One company eagerly capitalizing on these trends in the region is Latin America based data center service providers Synapsis, whose 17% growth in 2011-2012 was predominantly fuelled by expansion in Cloud and Big Data services. The biggest change seen by the company in that period has been the growth of Cloud. “Two years ago, 90% of the infrastructure was dedicated and 10% virtual, Cloud. These days, 60-70% that we have in the data centers and what we offer, is Cloud,” said Jorge Orozco, Synapsis’ CMO and Innovation Officer. “It’s been enormous growth, exponential.”
Cloud & Big Data
The move towards Cloud and Big Data has offered Latin American companies the opportunity to attract new clients by offering solutions based on the same new technologies as service providers around the world, rather than worry about catching up with competitors in developed countries. However, the new technologies have also brought new challenges to the region.
“Latin America’s biggest challenge is in our ability to train ourselves in new technologies and new applications of technology,” said Rocha of Unisys. “The most difficult step there is in our capacity to get used to new innovations and to have people placed within the sector.”
While Unisys is a global company, with sites from Australia to Venezuela, most Latin American data center operators remain committed to working with clients within the region.
This is true of Synapsis, whose clients base is overwhelmingly Latin American and whose business strategy is focused on providing services to clients operating in different countries across the region. “We want to be the main multi-Latin provider for multi-Latin businesses,” said Orozco, who identified the growth opportunities offered by the region’s economic giants Brazil and Mexico as the company’s primary target markets.
Nevertheless, Orozco believes Latin America has the potential to expand beyond its frontiers. “In the region, there are those with a really good capacity to work in Nearshore and Offshore, and this will involve taking advantage of [low] costs and the abilities of professional Latinos.”

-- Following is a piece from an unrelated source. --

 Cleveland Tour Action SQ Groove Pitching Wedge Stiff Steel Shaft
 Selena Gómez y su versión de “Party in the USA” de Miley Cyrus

However, with experts pointing to deficiencies in areas such as management capabilities, speed, and bandwidth in the region, Rocha warned against companies looking to compete as a cut-price option instead of addressing these underlying issues. “If we look at the market where cost is the only motivating factor in defining who provides the service, then obviously we are not going to have the same quality and the services are going to stay more localized,” he said.
Power Cuts & Telecom Infrastrcuture
With lingering fears among foreign clients over issues such as telecommunications and power redundancy infrastructure, the public sector also has a critical role to play in attracting outside business, according to Orozco. “It is important to have a regulatory framework and a framework of trust for the industry, that lets businesses trust in outsourcing, in the providers,” he said, highlighting contingency plans as one crucial and often underdeveloped area.
For Orozco, the most important aspect of public sector backing is stability. “If the politicians are changing every four years then every four years it is one step forward and one step back,” he said. “Of course, this still allows businesses to grow but really it becomes opportunistic, tactical and not strategic.
In addition to the opportunities to be found in Brazil and Mexico, Orozco highlighted Chile and Colombia as the countries leading the way in ensuring IT infrastructure is in place for companies looking to expand in the data center sector, with Peru and Argentina snapping at their heels. Nevertheless, he believes Latin America still has a way to go to offer a similar level of service as companies with more developed sectors. “The region is growing, it is improving, but this gap that there is, a lot more has to be done to close it.”